4th September 2016
The first reading is from the Book of Wisdom (9:13-18), which is not in the Hebrew Bible and is known to us only in Greek. It is generally only accepted as canonical by Catholics. It may well have originated in Egypt, a centre of intellectual excellence, and like other wisdom writings is attributed to Solomon, though it probably dates from the century just before Christ. Chapter 9 begins with a prayer for wisdom that elaborates on the prayer recorded in the First book of Kings which is more closely associated with Solomon himself. Our reading is the concluding summary of the second section of the poetic prayer. It indicates the tension between the body and the soul, reflecting the Greek understanding of the human make-up. It ends attributing wisdom to the very spirit of the Lord.

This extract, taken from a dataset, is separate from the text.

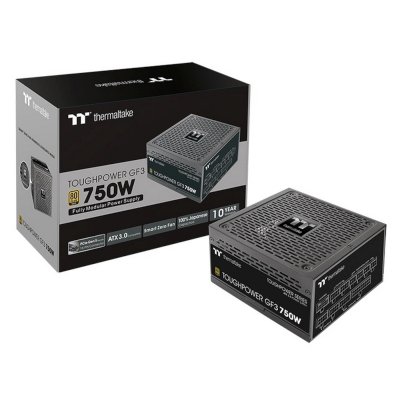 блок питания Thermaltake ToughPower GF3 750W PS-TPD-0750FNFAGE-4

The second reading is from Paul’s personal letter to Philemon (9-17) and as such is a unique piece of writing in the New Testament. It is the third shortest book in the Bible and only has 317 words in it. At the time of writing Paul is an old man in prison for his work, but he refers to himself as a prisoner of Christ Jesus, for he is so bound to Him in his work and his life that it seems that he has no freedom. Paul has with him a helper, Onesimus, whom he has introduced to Christianity and whom he therefore calls his son. He is writing to Philemon who is another successful convert of his and leads the local church in his household. Onesimus had been a servant to Philemon and Paul offers to return him, and hopes that Philemon will treat him as a brother, a fellow Christian. Interestingly, Paul deliberately doesn’t ‘pull rank’ on Philemon, but asks him gently if there can be reconciliation. No-one is really in authority over another.

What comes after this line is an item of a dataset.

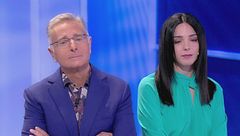 Paolo Bonolis: la sorpresa per i fratelli di Raffaela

Today’s gospel reading (Luke 14:25-33) emphasises again the journey that Jesus is making towards His fulfillment in Jerusalem. The crowd is now a large number of people, excited and attracted by many of Jesus’ words and especially by the cures that He has performed – it is all too optimistic and enthusiastic; but Jesus knew that He was heading for a confrontation in which He would not surrender his cause and mission, but would face the dire consequences. He tries to warn the crowd about this; those following him were not as committed to changing the world, but thought only of joy, success and even victory. The reports of what Jesus has to say show up the problems of translation. Matthew knew the Aramaic language that Jesus spoke and so the translation in his gospel captures what Jesus meant (Matthew 10:37); but Luke does what we would call a ‘Google translation,’ namely a literal and word for word one (“If anyone comes to me without hating his father and mother… ), not realising that the Aramaic could not express “loving less” except with a word which literally means ‘hating.’ We must follow Jesus before all else!